Every line of the material is to be returned verbatim. Pictures stay out.

* [Input data]:
**********

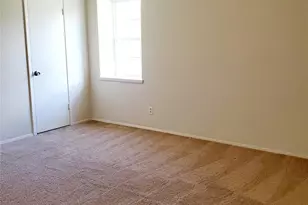 11806 Hillcroft Ave, Houston, TX 77035 - Photo 10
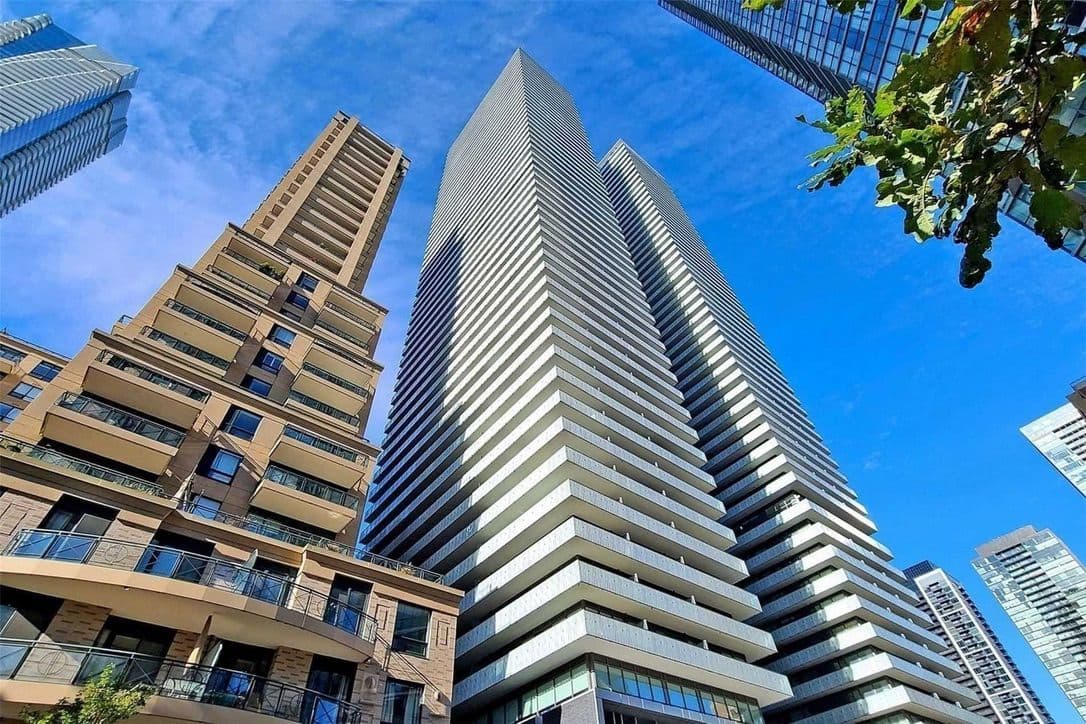 42 Charles Street E 603, Toronto C08, ON M4Y 1T4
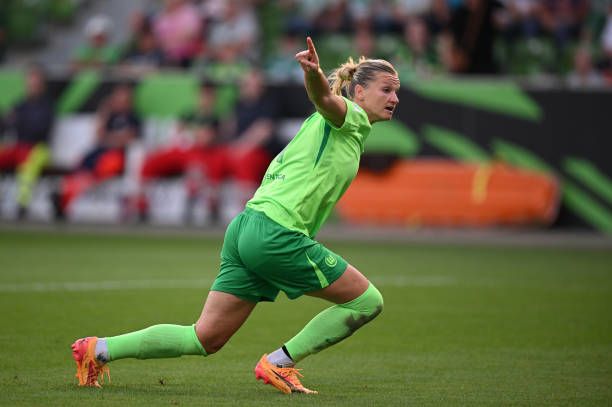 ألكسندرا بوب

**********

* [Task answer]:
 11806 Hillcroft Ave, Houston, TX 77035 - Photo 10
 42 Charles Street E 603, Toronto C08, ON M4Y 1T4
 ألكسندرا بوب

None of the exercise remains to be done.